[uf-discuss] Should microformat features (like rel-tag) have
explicit scope?
Ciaran McNulty
mail at ciaranmcnulty.com
Fri Feb 2 06:07:57 PST 2007
On 2/2/07, Derrick Lyndon Pallas <derrick at pallas.us> wrote:
> Except it does need it. Say you put your del.icio.us (or otherwise) feed
> on your page and want to include it and the associated tags as xFolk
> entries. How can a generic rel-tag parser know that the xFolk entires
> don't apply to the current page without knowing about xFolk. That's the
> scoping problem.
The tag applying to the page just means that there's something on the
page relevant to that tag. And there is - the del.icio.us feed!
> The problem is
> not that they "may be applied to the page" it's that they "are applied
> to the page"
I meant 'may' as in 'yes, the parser can go ahead and apply them' - my
ambiguity sorry.
> and there are reasons that is inappropriate,
Can you expand on the reasons?
Basically, if a page has a blog entry about Cats and an hCard in the
category 'Dogs' on it, why can't that page validly be tagged with
'cats' and 'dogs'?
> My solution (to indicate scope with a generic rel-tag
> counterpart and then allow specific parsers to override the scoping rule
> if they understand the containing element) is both general and powerful.
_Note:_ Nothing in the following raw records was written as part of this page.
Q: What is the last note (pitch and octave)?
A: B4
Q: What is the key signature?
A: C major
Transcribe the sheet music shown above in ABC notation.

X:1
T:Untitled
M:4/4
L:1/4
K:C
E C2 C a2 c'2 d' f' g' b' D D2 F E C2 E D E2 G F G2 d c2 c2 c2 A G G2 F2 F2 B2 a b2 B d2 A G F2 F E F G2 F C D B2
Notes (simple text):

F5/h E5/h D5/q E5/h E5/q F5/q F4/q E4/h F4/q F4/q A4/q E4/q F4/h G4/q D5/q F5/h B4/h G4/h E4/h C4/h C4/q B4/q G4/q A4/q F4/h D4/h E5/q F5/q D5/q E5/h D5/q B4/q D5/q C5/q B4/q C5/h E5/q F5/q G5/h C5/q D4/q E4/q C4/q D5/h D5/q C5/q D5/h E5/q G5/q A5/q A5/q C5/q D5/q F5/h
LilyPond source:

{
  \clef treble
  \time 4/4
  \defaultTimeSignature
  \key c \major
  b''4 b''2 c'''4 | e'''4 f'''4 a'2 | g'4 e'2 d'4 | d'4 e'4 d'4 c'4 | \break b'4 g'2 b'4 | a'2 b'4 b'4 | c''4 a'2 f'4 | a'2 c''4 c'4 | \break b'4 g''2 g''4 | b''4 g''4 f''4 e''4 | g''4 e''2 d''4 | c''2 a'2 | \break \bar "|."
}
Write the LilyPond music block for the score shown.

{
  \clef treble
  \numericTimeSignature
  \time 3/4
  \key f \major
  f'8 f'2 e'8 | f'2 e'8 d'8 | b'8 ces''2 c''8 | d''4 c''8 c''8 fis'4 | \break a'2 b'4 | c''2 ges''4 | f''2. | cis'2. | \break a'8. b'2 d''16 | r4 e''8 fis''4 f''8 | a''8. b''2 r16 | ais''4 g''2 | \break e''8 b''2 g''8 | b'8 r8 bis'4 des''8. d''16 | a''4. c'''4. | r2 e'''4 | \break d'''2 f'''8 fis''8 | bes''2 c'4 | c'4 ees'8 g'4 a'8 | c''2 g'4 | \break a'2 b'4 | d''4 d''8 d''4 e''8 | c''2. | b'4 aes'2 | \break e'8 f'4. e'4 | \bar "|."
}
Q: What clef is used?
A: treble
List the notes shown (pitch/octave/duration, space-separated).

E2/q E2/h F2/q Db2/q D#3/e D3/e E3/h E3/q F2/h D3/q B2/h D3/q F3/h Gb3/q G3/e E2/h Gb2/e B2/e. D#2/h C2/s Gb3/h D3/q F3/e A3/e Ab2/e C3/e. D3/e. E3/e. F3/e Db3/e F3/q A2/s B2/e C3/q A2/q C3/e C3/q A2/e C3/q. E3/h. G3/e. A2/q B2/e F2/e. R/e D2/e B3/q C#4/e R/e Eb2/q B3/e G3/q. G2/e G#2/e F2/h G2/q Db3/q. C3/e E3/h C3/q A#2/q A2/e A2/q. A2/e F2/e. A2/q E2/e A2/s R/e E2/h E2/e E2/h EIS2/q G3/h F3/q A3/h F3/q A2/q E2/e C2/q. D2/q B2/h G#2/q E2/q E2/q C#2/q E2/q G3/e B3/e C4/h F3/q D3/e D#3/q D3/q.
I haven't looked at the different scoping proposals and certainly I'm
not saying yours is bad, I'm questioning the need to complicate what
is after all an incredibly simple format.
> Take the example of a dead relative: there is no way to put a family
> tree with relatives you need to tag as "deceased" on your own page
> without a document level parser concluding that you are dead.
That doesn't make any sense to me.
All a rel-tag parser would take from it would be that the page had
something on it about someone who's 'dead', surely. I don't know
where it starts making inferences about me.